1社はHR系のSaaS企業のセールスでしたが、人材紹介がやりたかったため断りました。もう1社は人材紹介会社です。面談してくれた転職エージェントから直接、「飯島さんがやりたいことはうちの会社ならできる」と自社にスカウトされ、そのまま内定をもらいました。

待遇はいかがでしたか。

待遇面では、前職と比較すると、年収ベースで、現職は150万円アップ、もう1社が年収200万円アップでした。

もう1社のほうが年収で50万円高かったにもかかわらず、現職を選んだのはなぜですか。

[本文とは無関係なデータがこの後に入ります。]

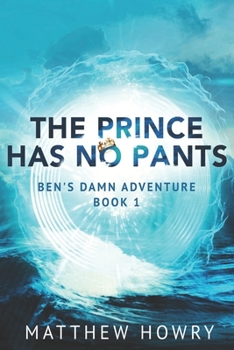 Paperback Ben's Damn Adventure: The Prince Has No Pants Book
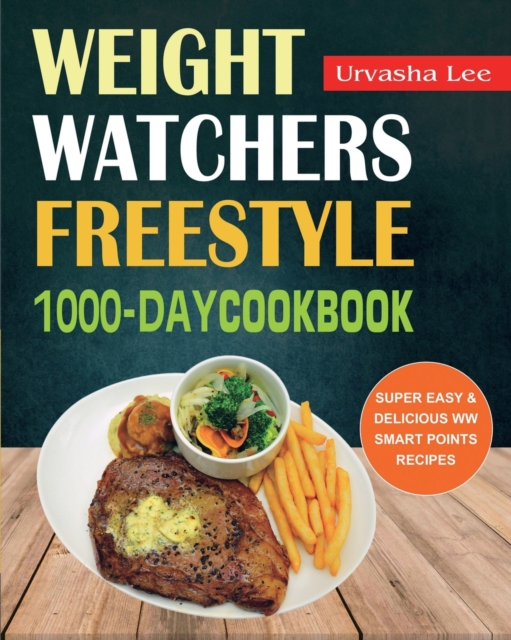 Weight Watchers Freestyle 1000-Day Cookbook : Super Easy & Delicious WW Smart Points Recipes, Paperback / softback Book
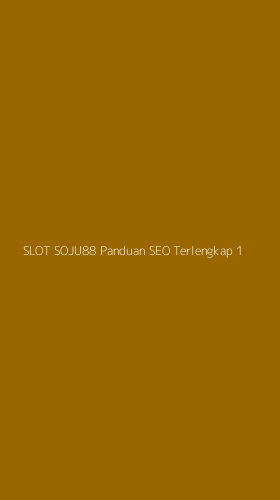 Tampilan Antarmuka Aplikasi Slot Soju88 Panduan Seo Terlengkap - 1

もう1社の人材紹介会社は、規模でいうとベンチャー企業でした。本当に良い人が集まっているし、自分が楽しく働く姿が簡単に想像できました。とはいえ、そのような環境にいると、当時感じているような不満をまた感じてしまって、また短期間で退職する未来が浮かんだんです。

不満とは結局なんだったのでしょうか。

結局、いまの不満というのは、転職エージェントのイメージを変えたいと考えているなかで、小さな会社では、自分や周囲が変わっても、世の中のイメージを変えるまでにはいたらないのではないか、という部分でした。業界に対する影響力といえるかもしれません。

最初は「絶対行かない」と思っていた会社ですよね。

はい。転職エージェントのイメージを変えたい、ナンバーワンになりたいという自分のやり方が明確になったときに、現職以外の選択肢はなくなっていました。良い意味で「入社後の自分が想像できない」、自分がワクワクできて、成長できる環境として選んだところもあります。

退職はスムーズにいきましたか。

率直に前職に残ることも一つの選択肢でした。上司や同期が引き止めてくれましたし、ある程度裁量をわたしてくれるという話もありました。少し揺らいだのは事実ですが、結局、退職を検討した理由が「ナンバーワンになりたい」「転職エージェントのイメージを変えたい」である以上、前職に残るという選択にはなりませんでした。

誰かの居場所を作りたい

春から現職で働きはじめて、いかがですか。新しい職場での今と今後の目標を教えてください。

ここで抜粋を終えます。